- _Activity_
Produce an exact copy of the lines below, starting at the first and ending with the line containing "Somerville, TX 77879,Lot".

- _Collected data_
>>>

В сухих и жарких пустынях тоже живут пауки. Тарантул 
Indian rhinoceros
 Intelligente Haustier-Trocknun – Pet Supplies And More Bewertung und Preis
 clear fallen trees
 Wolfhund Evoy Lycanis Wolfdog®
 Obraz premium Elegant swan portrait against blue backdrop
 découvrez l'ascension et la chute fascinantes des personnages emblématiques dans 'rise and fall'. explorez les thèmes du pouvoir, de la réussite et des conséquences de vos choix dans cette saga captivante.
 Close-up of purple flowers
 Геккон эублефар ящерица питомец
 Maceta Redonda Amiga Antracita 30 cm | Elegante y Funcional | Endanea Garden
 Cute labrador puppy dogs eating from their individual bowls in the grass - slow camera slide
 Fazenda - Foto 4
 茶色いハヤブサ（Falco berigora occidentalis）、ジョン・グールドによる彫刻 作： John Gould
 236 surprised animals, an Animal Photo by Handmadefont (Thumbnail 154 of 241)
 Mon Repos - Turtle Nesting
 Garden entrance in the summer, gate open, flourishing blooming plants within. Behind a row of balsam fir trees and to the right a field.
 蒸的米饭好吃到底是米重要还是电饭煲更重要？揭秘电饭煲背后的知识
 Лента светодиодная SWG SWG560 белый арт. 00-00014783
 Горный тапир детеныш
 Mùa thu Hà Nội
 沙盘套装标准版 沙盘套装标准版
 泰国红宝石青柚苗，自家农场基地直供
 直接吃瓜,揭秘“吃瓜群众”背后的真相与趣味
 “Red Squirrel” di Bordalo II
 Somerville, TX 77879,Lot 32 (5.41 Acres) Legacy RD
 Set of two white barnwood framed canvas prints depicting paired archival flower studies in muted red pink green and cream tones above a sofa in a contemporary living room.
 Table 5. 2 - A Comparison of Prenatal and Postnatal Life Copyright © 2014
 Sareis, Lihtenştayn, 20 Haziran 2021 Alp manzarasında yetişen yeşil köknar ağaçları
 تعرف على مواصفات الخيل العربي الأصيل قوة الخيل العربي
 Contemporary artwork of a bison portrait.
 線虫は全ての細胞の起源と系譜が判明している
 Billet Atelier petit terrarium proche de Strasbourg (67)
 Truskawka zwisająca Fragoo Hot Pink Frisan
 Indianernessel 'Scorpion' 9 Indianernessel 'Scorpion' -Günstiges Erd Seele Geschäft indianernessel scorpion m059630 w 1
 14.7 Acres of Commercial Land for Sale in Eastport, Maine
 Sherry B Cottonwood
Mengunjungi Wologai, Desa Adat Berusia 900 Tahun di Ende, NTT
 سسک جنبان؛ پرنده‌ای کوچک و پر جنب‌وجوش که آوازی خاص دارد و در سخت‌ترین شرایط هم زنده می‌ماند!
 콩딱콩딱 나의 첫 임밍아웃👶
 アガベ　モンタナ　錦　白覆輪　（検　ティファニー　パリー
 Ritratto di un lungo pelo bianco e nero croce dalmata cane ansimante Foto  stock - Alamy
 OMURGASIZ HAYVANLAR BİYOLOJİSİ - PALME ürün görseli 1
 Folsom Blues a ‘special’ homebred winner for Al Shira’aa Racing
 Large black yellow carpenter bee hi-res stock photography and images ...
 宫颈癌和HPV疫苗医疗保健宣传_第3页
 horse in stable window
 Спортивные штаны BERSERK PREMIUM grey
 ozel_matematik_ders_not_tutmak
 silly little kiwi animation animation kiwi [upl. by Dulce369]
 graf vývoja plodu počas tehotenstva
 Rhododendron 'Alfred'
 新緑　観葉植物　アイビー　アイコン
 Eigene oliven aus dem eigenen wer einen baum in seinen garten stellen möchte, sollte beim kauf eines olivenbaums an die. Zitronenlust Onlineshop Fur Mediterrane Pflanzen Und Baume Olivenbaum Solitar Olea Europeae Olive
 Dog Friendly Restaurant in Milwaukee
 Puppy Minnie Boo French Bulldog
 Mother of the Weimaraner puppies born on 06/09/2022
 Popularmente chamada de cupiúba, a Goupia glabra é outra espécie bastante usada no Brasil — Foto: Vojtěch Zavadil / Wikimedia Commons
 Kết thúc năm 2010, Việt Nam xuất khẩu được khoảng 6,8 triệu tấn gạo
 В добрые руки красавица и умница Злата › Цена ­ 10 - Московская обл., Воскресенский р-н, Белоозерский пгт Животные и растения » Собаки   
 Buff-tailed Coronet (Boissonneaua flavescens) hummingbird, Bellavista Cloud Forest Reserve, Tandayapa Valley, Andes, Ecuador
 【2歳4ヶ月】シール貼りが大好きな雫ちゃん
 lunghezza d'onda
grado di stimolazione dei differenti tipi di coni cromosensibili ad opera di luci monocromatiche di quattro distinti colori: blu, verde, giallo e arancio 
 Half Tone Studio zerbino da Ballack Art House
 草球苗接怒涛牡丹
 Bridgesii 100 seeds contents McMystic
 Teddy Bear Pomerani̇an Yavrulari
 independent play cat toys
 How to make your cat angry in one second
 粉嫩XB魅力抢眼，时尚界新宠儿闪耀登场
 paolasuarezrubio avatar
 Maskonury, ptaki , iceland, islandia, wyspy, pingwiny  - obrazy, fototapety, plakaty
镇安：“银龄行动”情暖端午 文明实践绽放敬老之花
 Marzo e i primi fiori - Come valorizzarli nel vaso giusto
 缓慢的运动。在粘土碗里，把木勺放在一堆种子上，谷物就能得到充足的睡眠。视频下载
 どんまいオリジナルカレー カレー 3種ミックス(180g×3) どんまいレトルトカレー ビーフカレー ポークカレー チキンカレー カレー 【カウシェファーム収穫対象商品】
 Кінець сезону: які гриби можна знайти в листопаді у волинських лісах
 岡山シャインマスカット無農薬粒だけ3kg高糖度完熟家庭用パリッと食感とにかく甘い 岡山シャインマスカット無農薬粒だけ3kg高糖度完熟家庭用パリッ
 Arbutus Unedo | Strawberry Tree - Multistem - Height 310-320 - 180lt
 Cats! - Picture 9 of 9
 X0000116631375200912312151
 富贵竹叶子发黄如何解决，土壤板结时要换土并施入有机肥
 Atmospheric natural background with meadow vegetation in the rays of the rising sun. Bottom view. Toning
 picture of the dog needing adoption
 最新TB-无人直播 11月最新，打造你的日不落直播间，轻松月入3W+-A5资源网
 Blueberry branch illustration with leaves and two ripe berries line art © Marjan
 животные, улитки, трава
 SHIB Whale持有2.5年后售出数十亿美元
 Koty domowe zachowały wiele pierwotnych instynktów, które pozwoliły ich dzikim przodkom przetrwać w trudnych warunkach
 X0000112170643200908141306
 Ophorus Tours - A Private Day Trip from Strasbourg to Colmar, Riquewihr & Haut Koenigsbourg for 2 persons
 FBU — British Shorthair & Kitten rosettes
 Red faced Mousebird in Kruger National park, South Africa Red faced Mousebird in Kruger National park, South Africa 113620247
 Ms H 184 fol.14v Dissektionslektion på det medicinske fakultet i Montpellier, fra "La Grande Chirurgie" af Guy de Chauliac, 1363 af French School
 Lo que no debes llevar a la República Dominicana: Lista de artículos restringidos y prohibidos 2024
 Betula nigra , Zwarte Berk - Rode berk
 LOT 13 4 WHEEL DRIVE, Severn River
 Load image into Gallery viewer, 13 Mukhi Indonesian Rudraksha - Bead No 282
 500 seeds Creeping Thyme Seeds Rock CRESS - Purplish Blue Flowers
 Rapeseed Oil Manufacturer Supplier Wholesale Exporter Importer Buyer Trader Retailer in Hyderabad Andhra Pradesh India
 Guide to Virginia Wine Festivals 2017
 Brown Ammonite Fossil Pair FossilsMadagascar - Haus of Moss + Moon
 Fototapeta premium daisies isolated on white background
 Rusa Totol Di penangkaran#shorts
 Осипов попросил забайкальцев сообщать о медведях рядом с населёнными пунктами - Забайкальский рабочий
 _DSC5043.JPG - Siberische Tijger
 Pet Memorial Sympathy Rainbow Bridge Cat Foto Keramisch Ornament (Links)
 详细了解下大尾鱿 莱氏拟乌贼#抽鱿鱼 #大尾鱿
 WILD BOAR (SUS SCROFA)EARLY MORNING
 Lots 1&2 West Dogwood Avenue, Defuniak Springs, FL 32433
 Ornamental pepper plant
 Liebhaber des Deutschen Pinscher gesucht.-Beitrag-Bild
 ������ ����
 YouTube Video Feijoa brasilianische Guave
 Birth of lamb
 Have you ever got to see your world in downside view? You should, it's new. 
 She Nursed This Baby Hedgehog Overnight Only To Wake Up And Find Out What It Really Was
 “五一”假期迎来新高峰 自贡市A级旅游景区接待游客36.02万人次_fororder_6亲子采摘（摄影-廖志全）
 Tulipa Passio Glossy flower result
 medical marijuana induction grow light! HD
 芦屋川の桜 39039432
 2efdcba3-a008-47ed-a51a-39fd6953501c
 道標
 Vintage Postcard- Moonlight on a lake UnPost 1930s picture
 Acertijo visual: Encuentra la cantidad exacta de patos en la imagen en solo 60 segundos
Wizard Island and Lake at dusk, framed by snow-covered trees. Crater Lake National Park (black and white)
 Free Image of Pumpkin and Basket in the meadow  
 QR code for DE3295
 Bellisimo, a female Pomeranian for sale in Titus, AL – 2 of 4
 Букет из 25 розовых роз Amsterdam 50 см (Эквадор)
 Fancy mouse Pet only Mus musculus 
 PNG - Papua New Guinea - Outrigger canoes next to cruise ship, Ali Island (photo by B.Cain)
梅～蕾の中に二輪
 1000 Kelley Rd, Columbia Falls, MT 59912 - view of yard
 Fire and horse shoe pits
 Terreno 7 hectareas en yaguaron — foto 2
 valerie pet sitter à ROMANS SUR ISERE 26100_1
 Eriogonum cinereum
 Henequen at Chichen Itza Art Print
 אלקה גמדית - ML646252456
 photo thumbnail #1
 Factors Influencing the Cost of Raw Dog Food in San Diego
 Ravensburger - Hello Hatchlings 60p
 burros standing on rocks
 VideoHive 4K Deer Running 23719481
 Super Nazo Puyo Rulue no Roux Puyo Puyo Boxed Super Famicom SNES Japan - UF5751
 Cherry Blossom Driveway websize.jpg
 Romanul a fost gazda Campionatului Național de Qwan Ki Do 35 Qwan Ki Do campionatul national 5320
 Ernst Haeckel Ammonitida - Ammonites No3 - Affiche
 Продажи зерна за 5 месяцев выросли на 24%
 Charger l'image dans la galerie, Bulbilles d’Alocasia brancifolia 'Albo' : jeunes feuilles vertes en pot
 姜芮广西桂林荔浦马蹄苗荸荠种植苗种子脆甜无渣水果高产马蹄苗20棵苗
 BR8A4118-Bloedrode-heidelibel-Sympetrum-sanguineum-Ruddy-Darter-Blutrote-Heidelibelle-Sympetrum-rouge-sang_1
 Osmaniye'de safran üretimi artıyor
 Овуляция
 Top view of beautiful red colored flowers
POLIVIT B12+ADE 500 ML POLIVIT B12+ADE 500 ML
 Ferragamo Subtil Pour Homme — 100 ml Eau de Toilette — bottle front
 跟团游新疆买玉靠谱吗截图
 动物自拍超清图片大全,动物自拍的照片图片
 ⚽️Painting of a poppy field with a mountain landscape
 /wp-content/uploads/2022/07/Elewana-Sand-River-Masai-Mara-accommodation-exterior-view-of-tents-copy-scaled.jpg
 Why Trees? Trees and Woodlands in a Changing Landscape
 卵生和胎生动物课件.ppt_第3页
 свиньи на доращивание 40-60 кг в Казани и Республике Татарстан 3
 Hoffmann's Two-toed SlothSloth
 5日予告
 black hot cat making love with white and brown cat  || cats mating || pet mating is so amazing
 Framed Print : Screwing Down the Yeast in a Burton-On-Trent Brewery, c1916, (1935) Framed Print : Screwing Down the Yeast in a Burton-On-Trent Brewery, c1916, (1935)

<<<

- _Task output_
В сухих и жарких пустынях тоже живут пауки. Тарантул 
Indian rhinoceros
 Intelligente Haustier-Trocknun – Pet Supplies And More Bewertung und Preis
 clear fallen trees
 Wolfhund Evoy Lycanis Wolfdog®
 Obraz premium Elegant swan portrait against blue backdrop
 découvrez l'ascension et la chute fascinantes des personnages emblématiques dans 'rise and fall'. explorez les thèmes du pouvoir, de la réussite et des conséquences de vos choix dans cette saga captivante.
 Close-up of purple flowers
 Геккон эублефар ящерица питомец
 Maceta Redonda Amiga Antracita 30 cm | Elegante y Funcional | Endanea Garden
 Cute labrador puppy dogs eating from their individual bowls in the grass - slow camera slide
 Fazenda - Foto 4
 茶色いハヤブサ（Falco berigora occidentalis）、ジョン・グールドによる彫刻 作： John Gould
 236 surprised animals, an Animal Photo by Handmadefont (Thumbnail 154 of 241)
 Mon Repos - Turtle Nesting
 Garden entrance in the summer, gate open, flourishing blooming plants within. Behind a row of balsam fir trees and to the right a field.
 蒸的米饭好吃到底是米重要还是电饭煲更重要？揭秘电饭煲背后的知识
 Лента светодиодная SWG SWG560 белый арт. 00-00014783
 Горный тапир детеныш
 Mùa thu Hà Nội
 沙盘套装标准版 沙盘套装标准版
 泰国红宝石青柚苗，自家农场基地直供
 直接吃瓜,揭秘“吃瓜群众”背后的真相与趣味
 “Red Squirrel” di Bordalo II
 Somerville, TX 77879,Lot 32 (5.41 Acres) Legacy RD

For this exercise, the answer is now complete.